In Satellite Convulsions: Poems from Tin House, Portland’s Tin House Books has released an enticing anthology of contemporary poetry: It’s got one of those nice paperback covers with page-marking flaps, proclaiming contents by hip young poets like Matthea Harvey and hip old poets like James Tate. A flip through the TOC reveals many more of the former (the Dickmans, Alex Lemon) and latter (Rae Armantrout, Lorca).

It’s a “diverse” mix of contributors, across age, gender, and country of origin — but are the poems themselves wide-ranging, in style and tone? Not exactly. I love many of the poems included here, but if I have a complaint about the book — and this of course is to be expected from a collection of poems chosen by an editorial staff with a unified vision — it’s that most of the poets have very similar sensibilities. They write first-person lyrics that make emotional appeals and tonally exhibit a kind of exuberance which is often pleasing but, after too many poems in a row, a little annoying. If I have two complaints, my other is that Satellite Convulsions feels a bit overproduced, almost smug in its slickness — much like Tin House itself. As in, where do they get off with their huge budgets?
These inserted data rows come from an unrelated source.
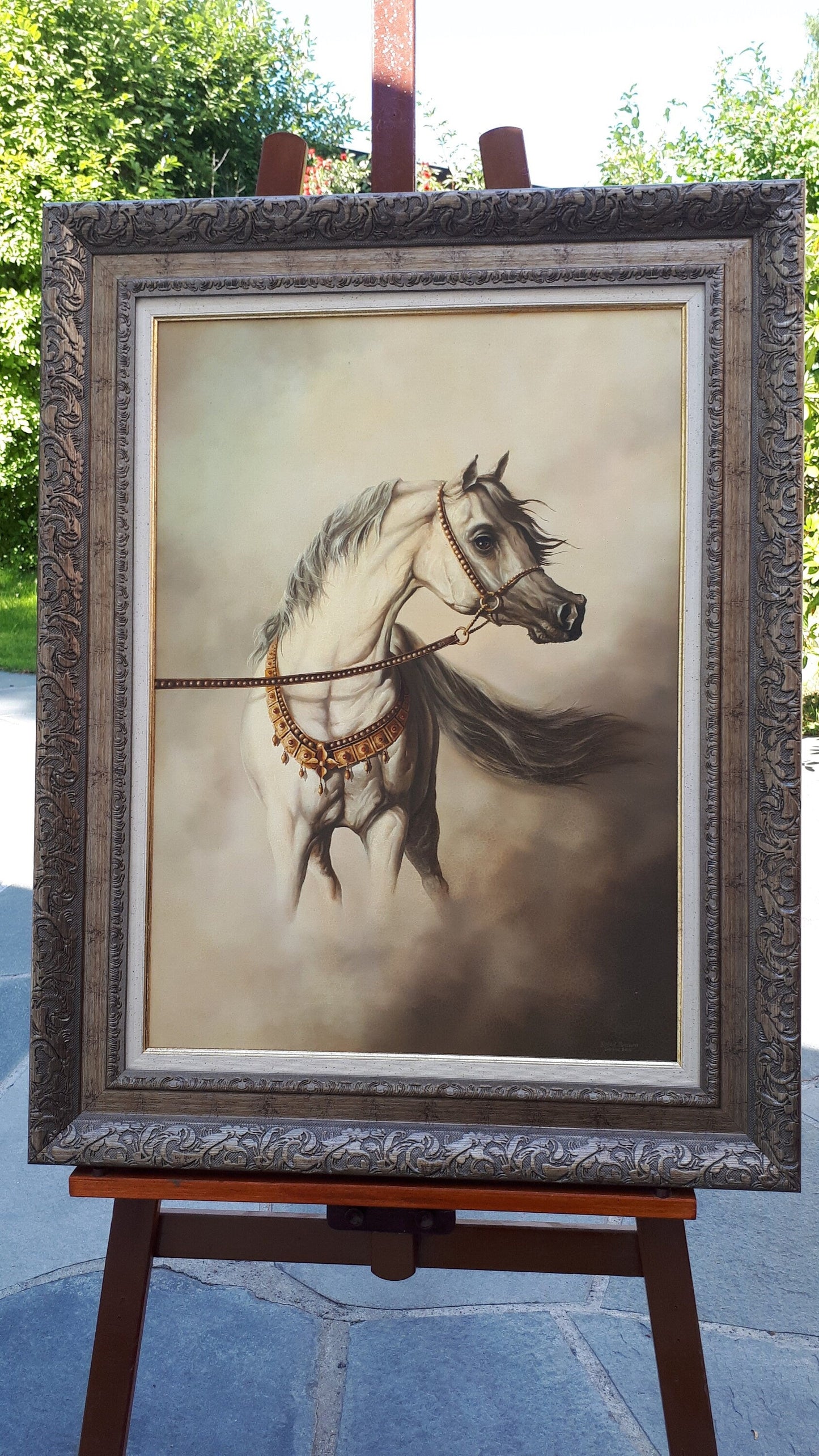 WHITE HORSE Fine Art Print | Animal Print | Horse Poster | Print | Poster | Wall Art | Home Decor | Wall Print | Digital Print FOSHE ART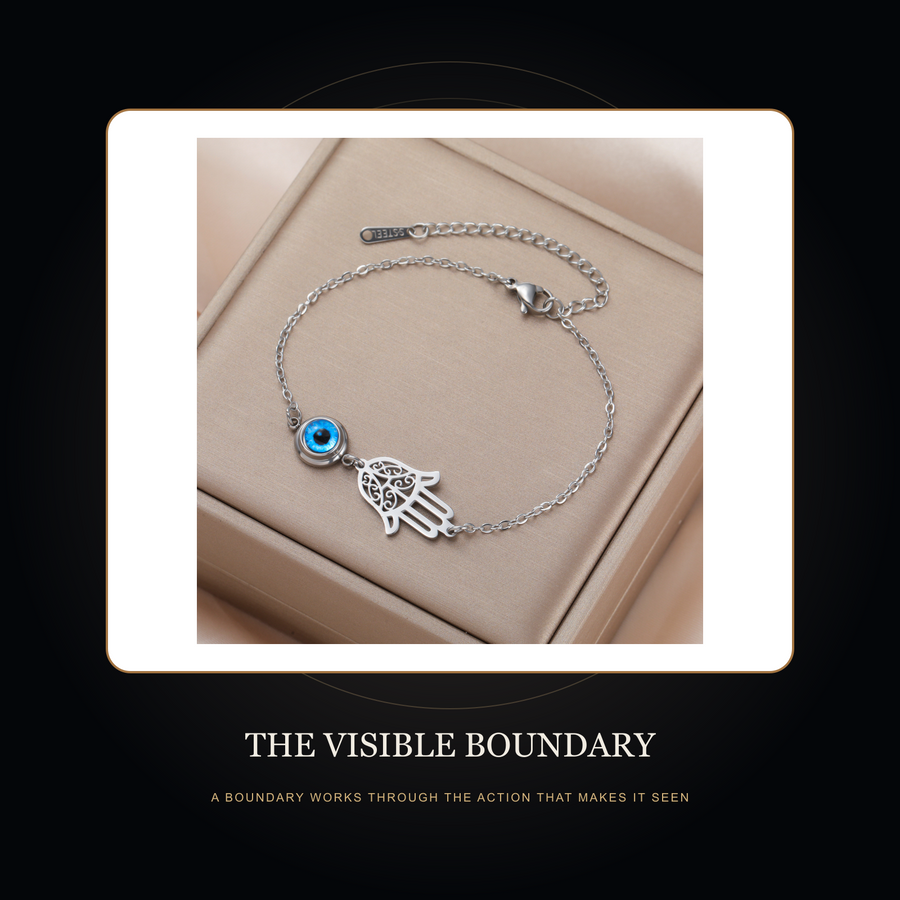The Two Witnesses bracelet in the fictional Visible Boundary threshold story scene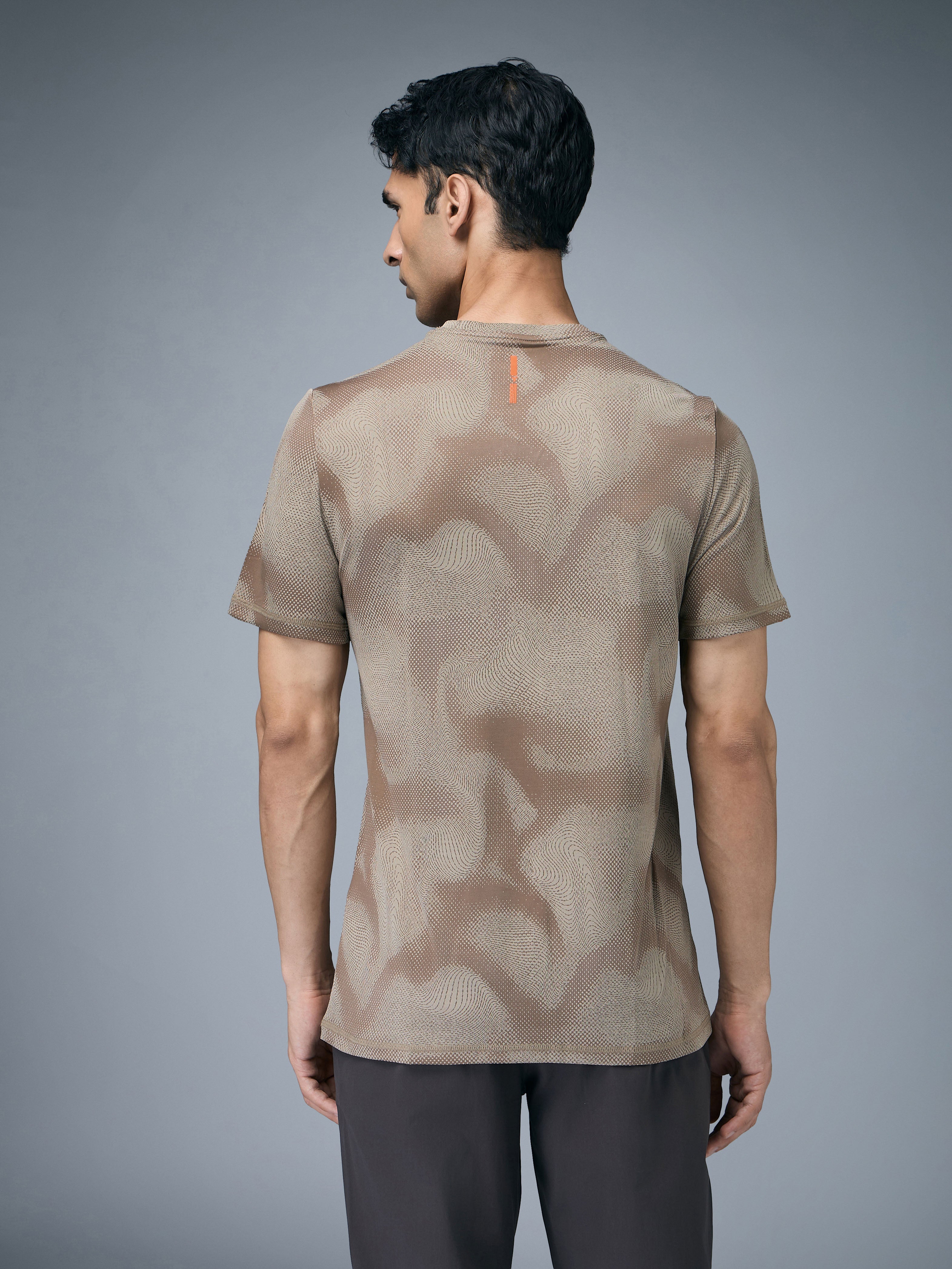 Technosport Crew Neck Tshirt (Double Cool) - OR60 - KHAKI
But surely this second is a complaint only an editor of a less well-endowed journal would make, and as a reviewer, I tend to search for potential faults. Approaching the anthology as a reader I find it highly likable. I’m happy to have in my possession Olena Kalytiak Davis’s wonderful, sex-drenched sonnets that first appeared in Tin House in 2006 (this from “Francesca Can Too Stop Thinking about Sex, Reflect upon Her Position in Poetry, Write a Real Sonnet.”):

i apologize, i offer no excuse:
but, poet, though you have right to scold
it was high-souled you who made my mouth hold
what it held and tell what it told: a truce …

Another inclusion that mixes high and low language to delightful effect is Darcie Dennigan’s “City of Gods,” which opens with the line “Thistly Augustine, disser of the shy world, I cannot consider your city” and ends thusly:

Hey god in the window, god of loneliness, god of smelly spaces
stacked with newspapers, god of walks home from the L before the light ends,
if I ask you to please turn my sooty camisole into wings
and me into an industrial moth, I am asking to be man-made—
I don’t want to be this girl anymore.

Other highlights in the collection include Carol Ann Duffy’s “The Long Queen” and Bruce Smith’s “Devotion: Medea.”

If a few of Tin House’s selections bore or irritate (like Sharon Olds’ line “I feel as if I’m like / a teenage boy in love” — seriously?) most are well worth reading and reading again.